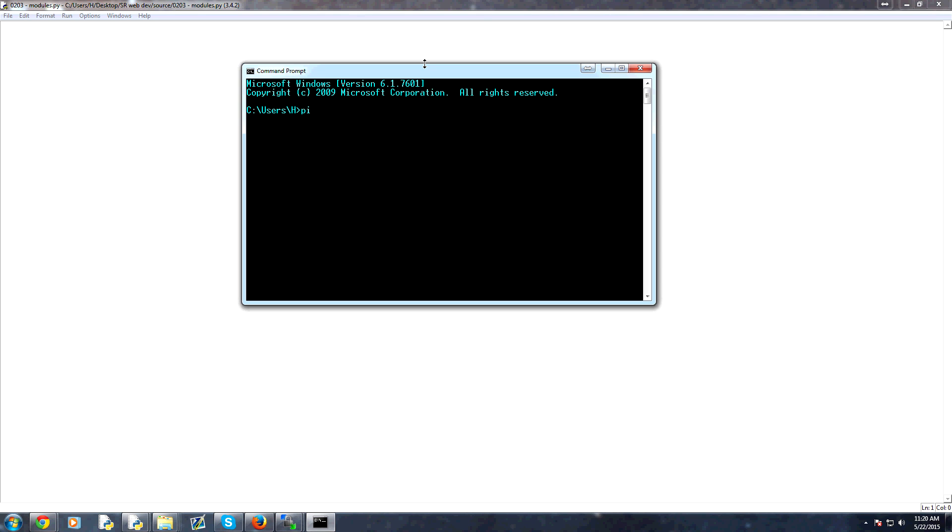So, for example, when we say PIP install a module, PIP is a program, right? We're telling PIP is a program. Install is an argument that we're feeding that program. And then module is another argument that we're feeding to that program.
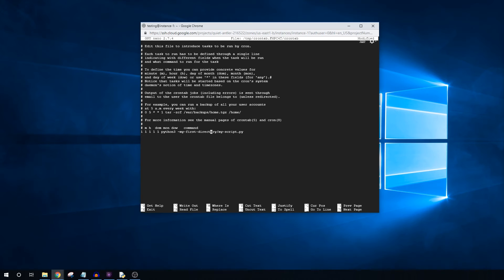Each of these columns represents a certain time period. The M represents minute, the H is hour, the DOM is day of month — for example, the 28th of February. The MON is month, 1 being January, 12 being December. And DOW is day of week, with 0 representing Sunday and 6 being Saturday. Finally, the command section is where you enter the command that you want cron to run. In this case, I have entered the absolute reference to the script that I've created, and told it to run with Python 3.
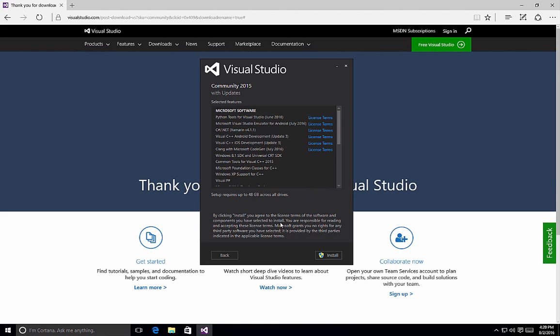So this is a quick overview of how to perform a custom installation of Visual Studio 2015.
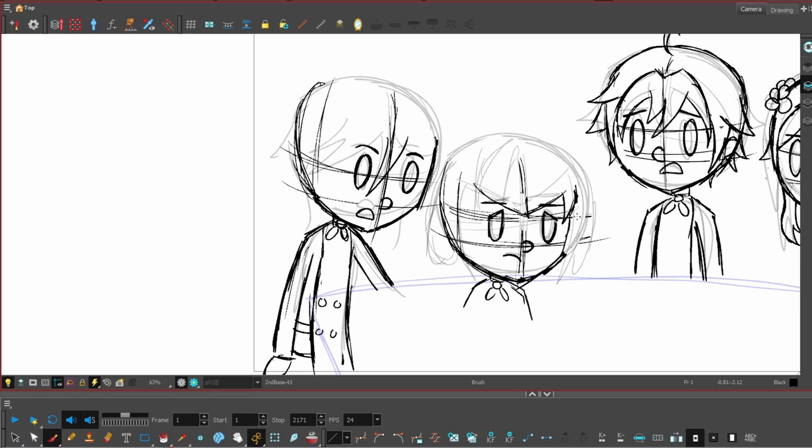And because it was a new mechanic and they were learning how to do it for the first time, there was a lot of moments that just felt really entertaining. So I thought that would be the best for this particular animatic.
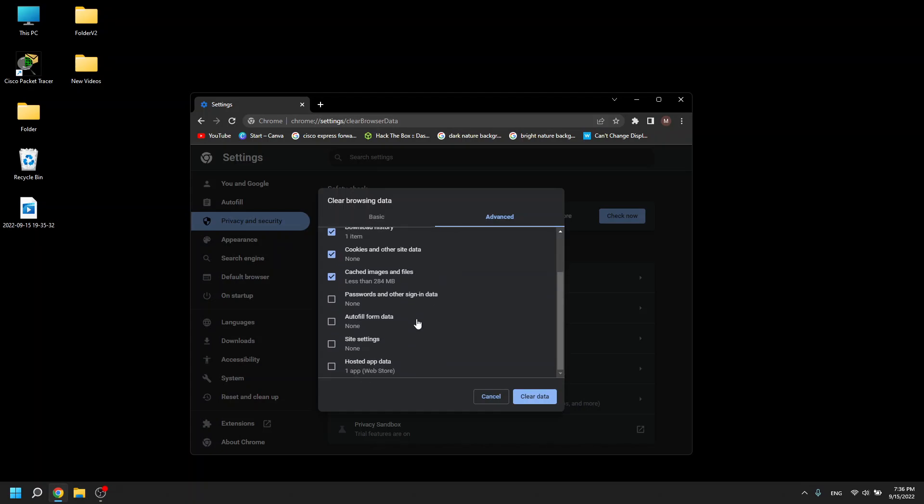If this PC you're using is shared with others, I would recommend you to remove your password and other sign-in data so other people don't have access to that.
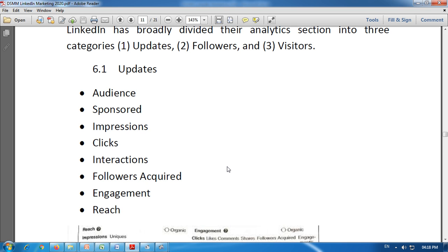The next is engagement — shown as a percentage, it is the number of interactions plus clicks plus followers acquired, divided by the number of impressions. For example, if interactions are 300, clicks are 300, and followers acquired are 200, the total is 800. If impressions are 1,000, then 800 divided by 1,000 gives 80% engagement.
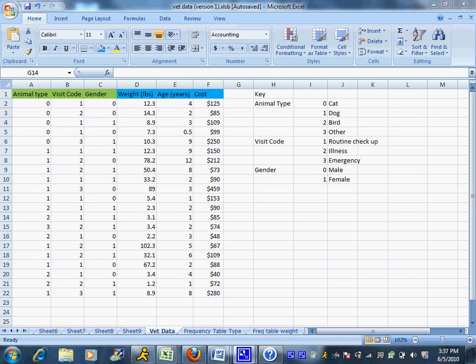One of the nice things about calculating probabilities is you can use Excel to help you out. Now remember, probabilities are by definition the number of successes or things you are interested in divided by the total number of data sets or data points.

....

→ AIM OF THE TASK
Please restate exactly the lines from the one containing "So this is a" down to the end of the material, both ends kept, and do not include the pictures.

→ OUTPUT BELOW
So this is a quick overview of how to perform a custom installation of Visual Studio 2015.
And because it was a new mechanic and they were learning how to do it for the first time, there was a lot of moments that just felt really entertaining. So I thought that would be the best for this particular animatic.
If this PC you're using is shared with others, I would recommend you to remove your password and other sign-in data so other people don't have access to that.
The next is engagement — shown as a percentage, it is the number of interactions plus clicks plus followers acquired, divided by the number of impressions. For example, if interactions are 300, clicks are 300, and followers acquired are 200, the total is 800. If impressions are 1,000, then 800 divided by 1,000 gives 80% engagement.
One of the nice things about calculating probabilities is you can use Excel to help you out. Now remember, probabilities are by definition the number of successes or things you are interested in divided by the total number of data sets or data points.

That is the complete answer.